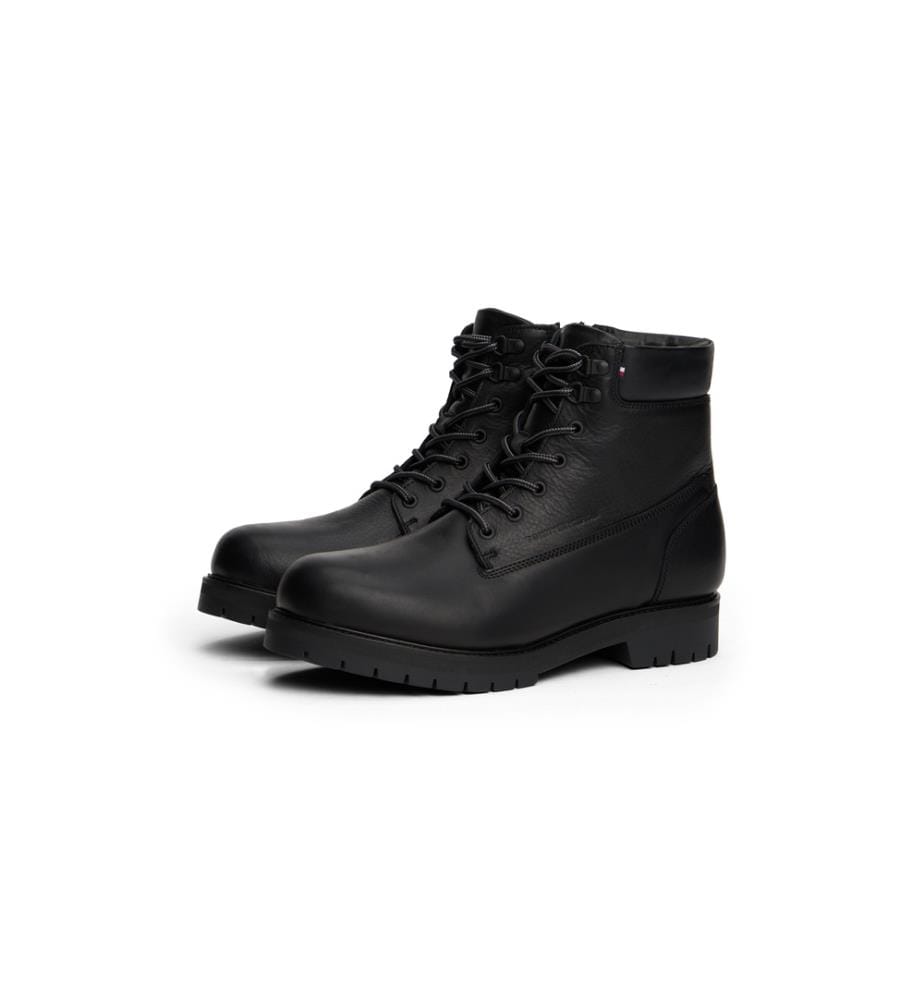 Flex Outdoor RS Lederstiefeletten - Schwarz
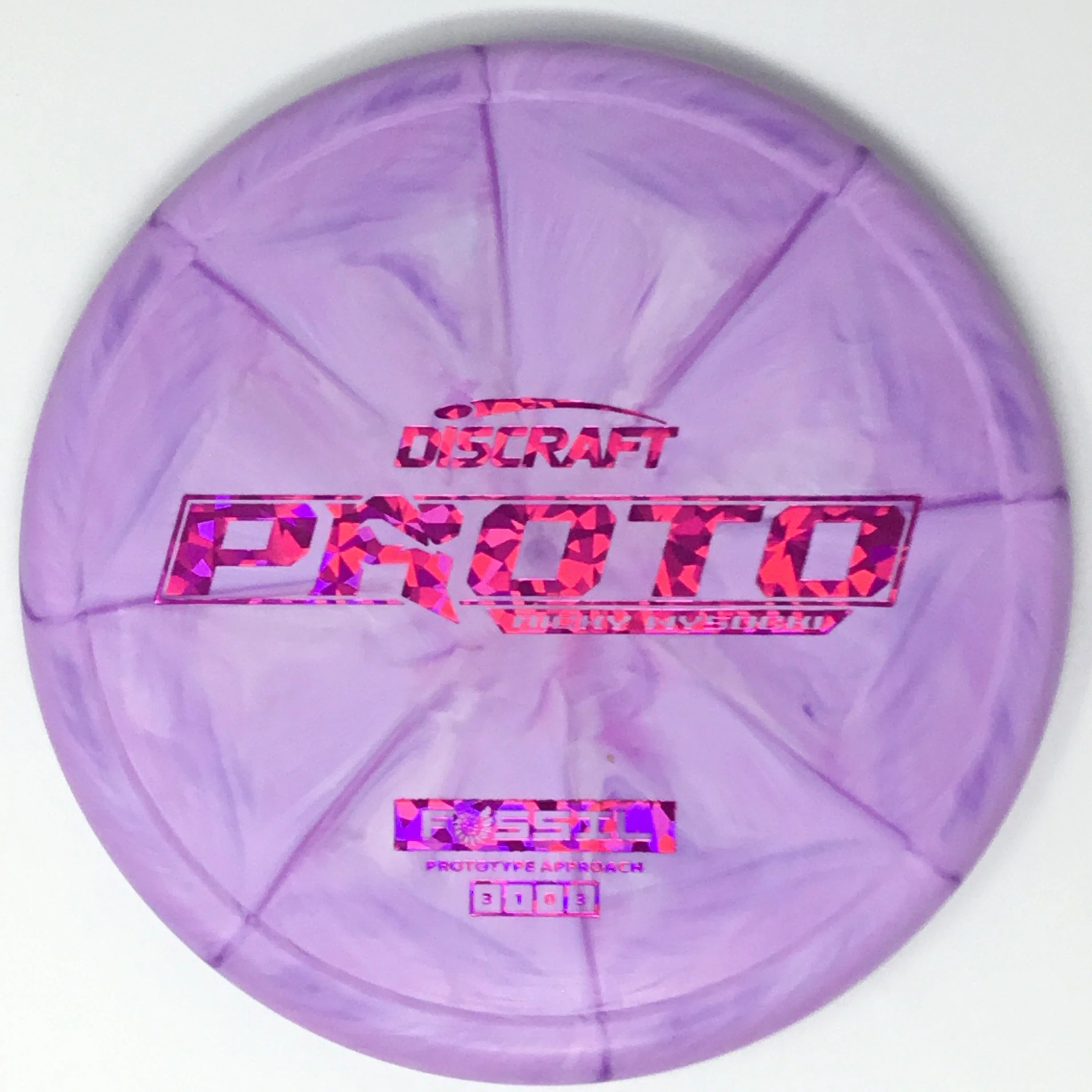 Fossil (Prototype - Ricky Wysocki Line) - Image 22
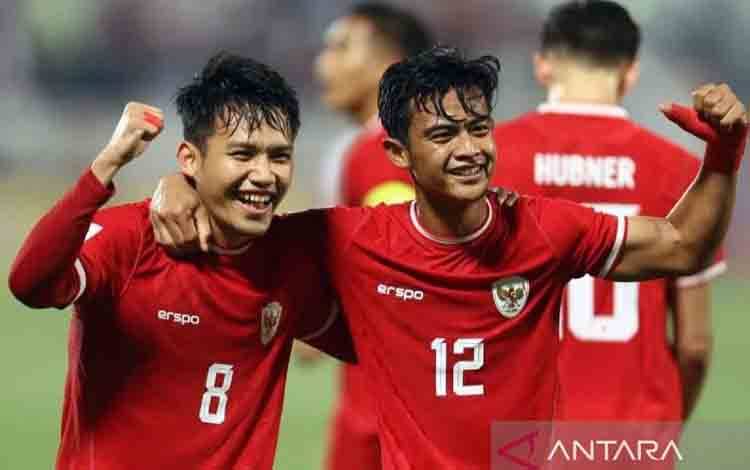 Irak jadi Negara Terakhir yang Lolos ke Perempat Final Piala Asia U-23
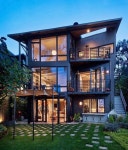 Real Estate Social Stream Syndication(이미지 포함) | 컨템포러리 집, 주거용 건축, 해변 별장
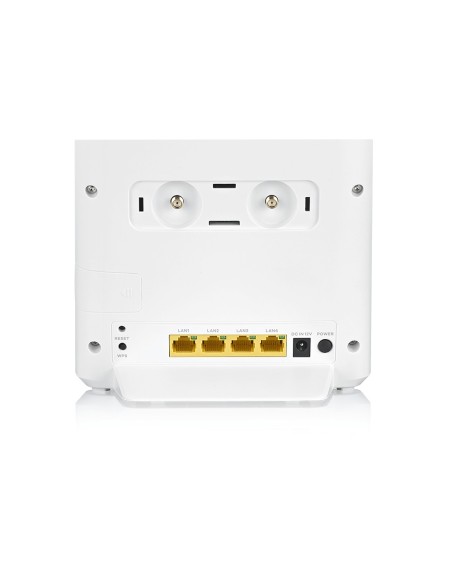 Zyxel LTE3202-M437 router wireless Gigabit Ethernet Banda singola (2.4 GHz) 4G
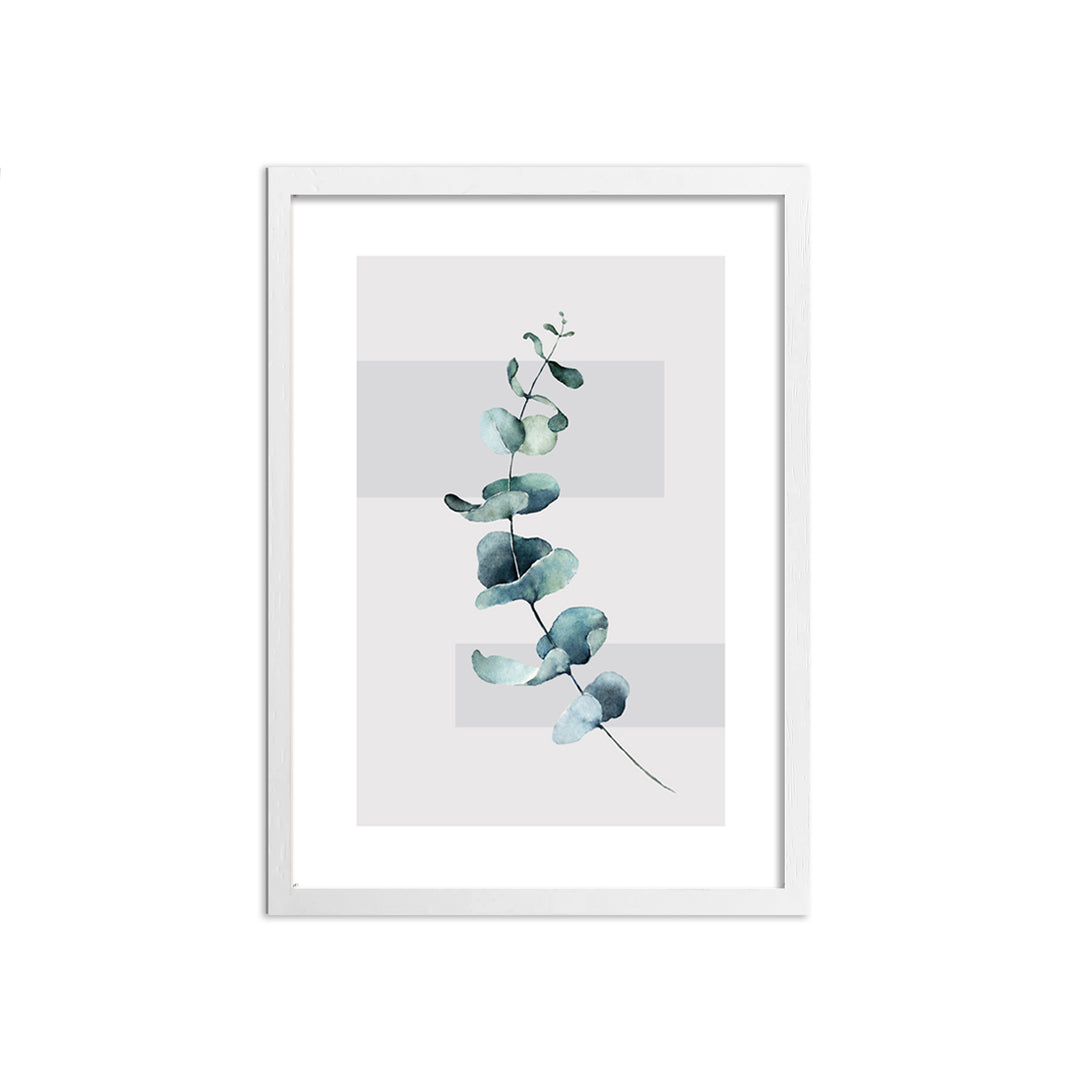 WALL ART | WATERCOLOUR EUCALYPTUS No. 2
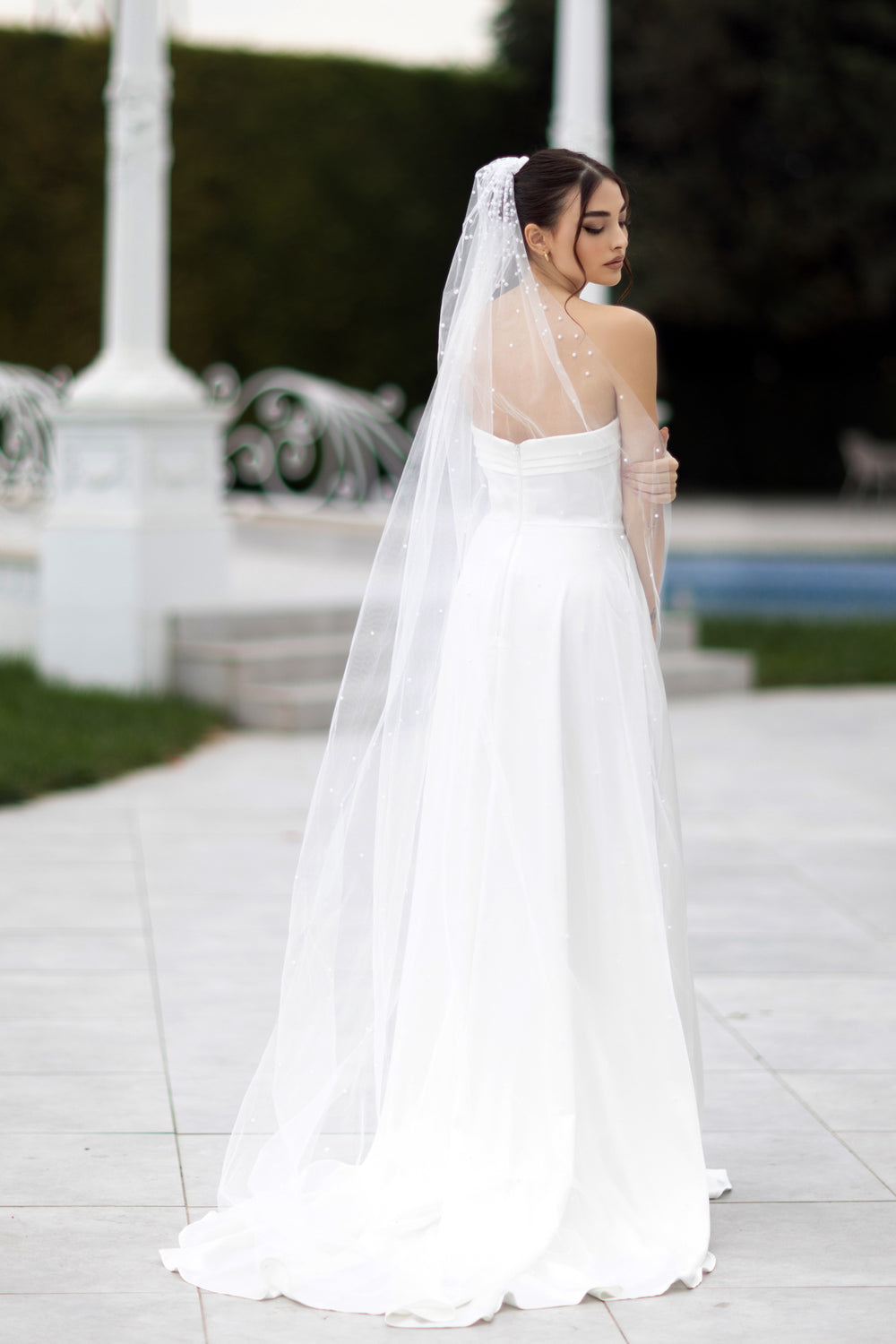 Tina Holly TW105 Dress - FOSTANI.com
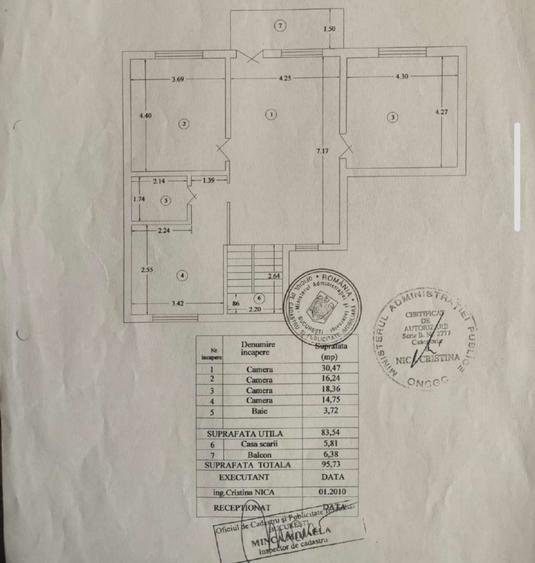 Casa individuala 563mp.  P+2 Dristor -metrou-Park Lake - 16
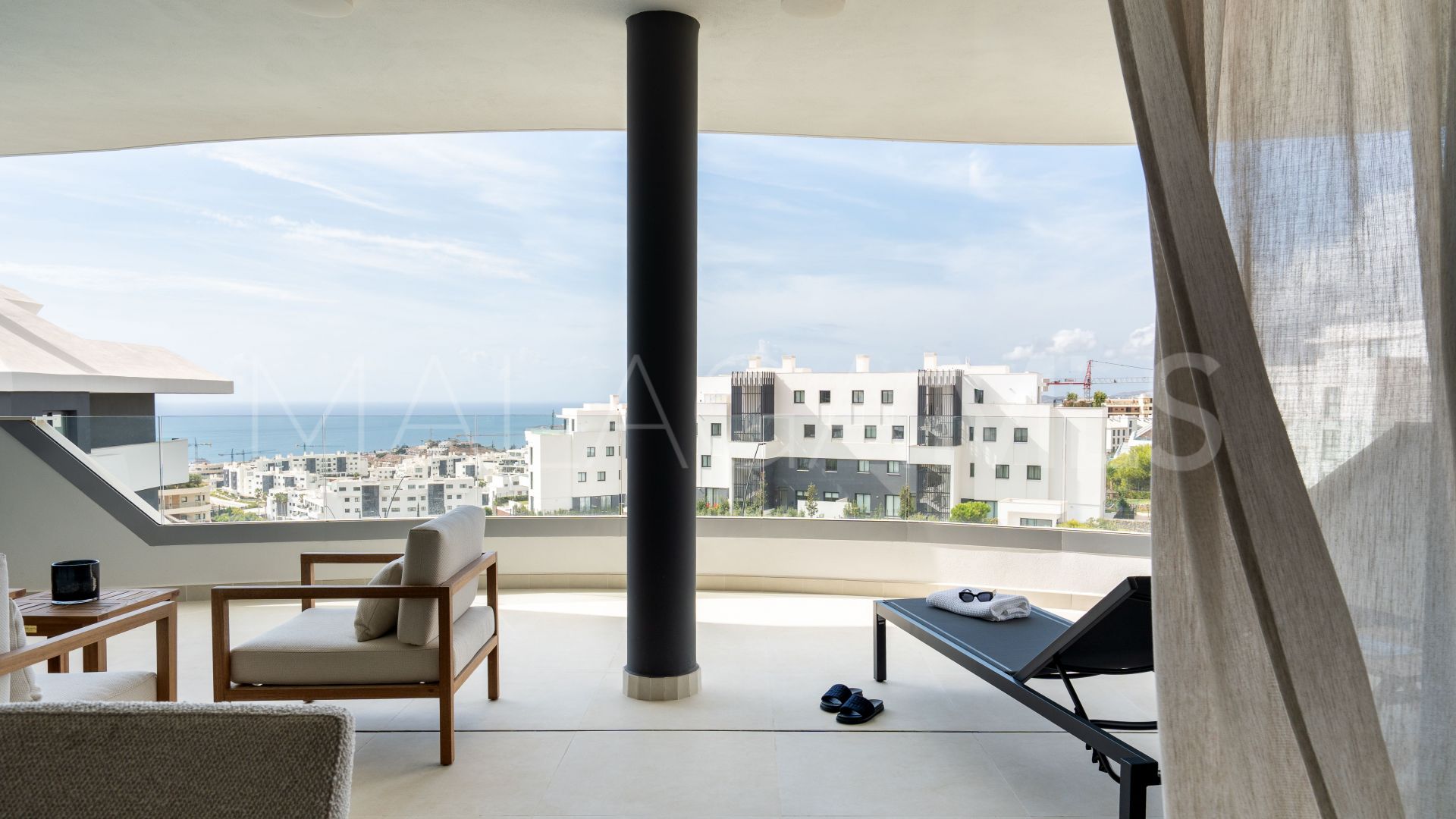 Wohnung for sale in El Higueron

- ASSIGNMENT
Your response should consist solely of the lines from the line with "WALL ART | WATERCOLOUR EUCALYPTUS No. 2" through the last line of the entries above, printed exactly and without pictures.

- ANSWER BOX
 WALL ART | WATERCOLOUR EUCALYPTUS No. 2
 Tina Holly TW105 Dress - FOSTANI.com
 Casa individuala 563mp.  P+2 Dristor -metrou-Park Lake - 16
 Wohnung for sale in El Higueron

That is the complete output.